In order to make the conversion of number to column completely dynamic I had to convert the number to its base 26 letter value. It is also helpful to be able to reverse the operation whenever desired. This means taking the string AA
for instance and converting it into 27
.
Originally I wrote this code in Ruby, however I wanted to port it to JavaScript.
Generating a Char Range
If you’ve ever worked with Ruby ranges you know how easy it is to generate a character range in Ruby. It is also just as simple to convert that range into an array.
# Ruby
alpha = ('a'..'z').to_a
Not so much in JavaScript. There is no native way to generate a char range in JavaScript. So the first step was to generate an array of all the characters from a
to z
.
While JavaScript doesn’t have native ranges, it does have some easy to work with unicode functions.

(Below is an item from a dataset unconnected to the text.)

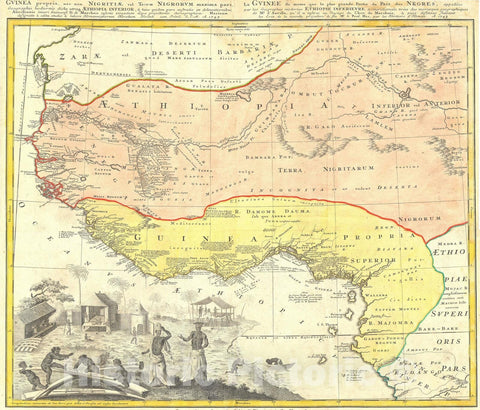 Historic Map : West Africa " Slave Trade references " 'Guinea', Homann Heirs, 1743, Vintage Wall Art
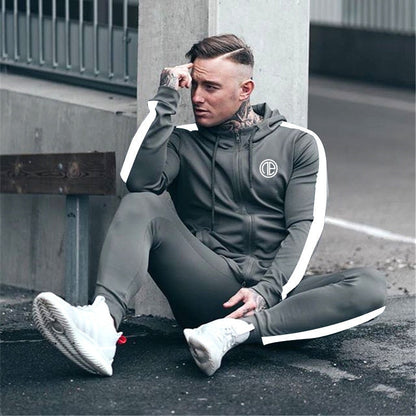 Sport Man Tracksuit Running Gym Men Set Sport Clothing Set Joggers Fitness Bodybuilding Sports Suits Mens HoodiePants Suit Men - Free Shipping - aurelia-clothing-8955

Specifically the string.charCodeAt
method.
This bit of code works because the unicode integer representations of characters are in alphabetical and numerical order.
// JavaScript
function charRange(start, stop) {
var result = [];
// get all chars from starting char
// to ending char
var i = start.charCodeAt(0),
last = stop.charCodeAt(0) + 1;
for (i; i < last; i++) {
result.push(String.fromCharCode(i));
}
return result;
}
Now we have a function that can produce an array like this:
['a', 'b', 'c', 'd', ... 'z']
This gives us all the tools we need to do base 26 conversions.
Base 10 Integer to Base 26 String
Now comes the fun part (I bet you were waiting for the fun part). Let’s take that char array and use it to convert an integer like 334123303
into abcdefg
. Why? Because you never know when you might need to do that.
First we need the array of alphabetic chars to work with.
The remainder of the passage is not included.